For this assignment, I would like a (minimum) of two rolls of film.
The two films must be of different sensitivities, ASA’s (film speeds). 
For July 4.

Read chapter #1 of Susan Sontag’s On Photography chapter title, "In Plato’s Cave."
Please write a short paragraph on your thoughts. It must be anonymous.
For July 9.

The camera and the lens: how they function. For students that need some refreshing. A requirement for the students in the lower level.

 

Thursday, July 4
Film development (reminder: bring exposed film and negative sleeves).
Lecture and demo on film development (break any bad habits).
It is important and required that all levels of students be present.

Break for lunch.

Contact Sheets (reminder: bring developed film, 24x30 paper).

Assign Reading, “On Reading Contact Sheets.”

Slide show on The Natural / Urban Landscape / Natural Form and Portrait / Human Form.

Assign project #2 “The Natural/Urban Landscape” and "Natural Form (The Still Life) ”
or
“The Portrait or the Human Form.”
Contact or non-contact, the psychological impact to the viewer

or
"Man and the Landscape."

Due July 16, a minimum of four images. Class Critique requirement for all.

If we have time we will have a quick overview of aperture and shutter speed for creative use, for those students who need it.
Importance of selective focus. The camera as a television screen.
Bring your cameras.

Week 2

Tuesday, July 9
Printing: demo and explanation on use of contrast filters as a tool; print; check any bad printing habits. Demo on burning and dodging.
(Reminder: bring developed negatives and 18 x 24 paper.)

THE MORE PROCESSED NEGATIVES YOU HAVE THE BETTER IT IS.

Printing demo in trays and in the processing machine.
Perhaps a demo on tray processing of paper.

Break for lunch.

HAND IN WRITTEN ASSIGNMENT on Susan Sontag.

Assign readings. Roland Barthes and Barbara Bullock/Wayne Bullock.

Negative evaluation, what a negative should look like, how they should be interpreted.

Printing time.

Characteristics of emulsion: film and paper.

Light and how it can fool the camera…white subjects, dark subjects, skin tones and back lighting. A short description of the zone system and a characteristic curve. Sensitometry. Show examples of film and its responses on light due to film speed, push/pull and formats.

Reminder: hand in first assignment; contact sheets. Place in envelope, labeled with your name, in Romeo Di Loreto.

 

Thursday, July 11
Pre-Reminder “A Personal Investigation.” Start thinking about it!

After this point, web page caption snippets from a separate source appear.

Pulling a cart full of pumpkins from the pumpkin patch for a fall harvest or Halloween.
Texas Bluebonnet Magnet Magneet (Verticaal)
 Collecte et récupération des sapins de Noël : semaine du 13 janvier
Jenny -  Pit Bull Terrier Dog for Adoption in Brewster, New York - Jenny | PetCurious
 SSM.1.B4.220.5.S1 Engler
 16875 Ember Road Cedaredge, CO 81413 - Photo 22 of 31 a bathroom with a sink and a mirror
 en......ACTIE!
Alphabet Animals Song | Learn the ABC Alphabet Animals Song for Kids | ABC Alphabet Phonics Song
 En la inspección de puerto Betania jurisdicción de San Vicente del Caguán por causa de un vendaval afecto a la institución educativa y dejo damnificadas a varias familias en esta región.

Demo: Contrast control. Flashing of the photographic paper and Farmers Reducer.

Break for lunch.

Printing for Assignment #2 (Reminder: critique next class).

Week 3

Tuesday, July 16
Assign project #3 “A Personal Investigation.” Start thinking about it! Requirement: A written project proposal, and individual meetings with Romeo. If possible, written proposals should be ready by July 18.
A minimum of 10 to 12 images presented: not as loose prints…think of a presentation.

Lecture on how image syntax can change with papers, developers and different photographic techniques, and even size. Lecture will include demonstrations.

Printing (Suggestion, try different papers: Warm Tone or Cold Tone paper and fiber based.

DEMO AND LECTURE ON FIBER BASED PAPER, CONTINUOUS TONED LITH FILM (Macro film) FOR INTER NEGATIVES OR FOR LIGHT BOXES.

Break for lunch.

Critique of assignment #2 (4 images or more).

 

Thursday, July 18
MIDTERM TEST.

Presentation and demo on mounting and matting. Where to buy boards?
Demo on Spot Toning.

Field Trip: To a Photography Exhibition

Individual meetings with Romeo, if you have not had one.

Break for lunch.

Printing or photograph for Assignment #3.

Week 4

Tuesday, July 23
I will show my work and discuss my philosophy as a photographer.

Individual meetings with Romeo for your final project, a requirement! for all.

Printing for project #3.

Break for lunch.

Printing for project #3.
(Reminder: Final critique next class.)

 

Thursday, July 25
Print and finish preparations for critique in morning.

Afternoon:
FINAL CRITIQUE (10 to 12 images and an artist statement)
I will keep your work until the end of the day, so I can make reproductions.

When I can organize a field trip to an exhibition, you will be notified!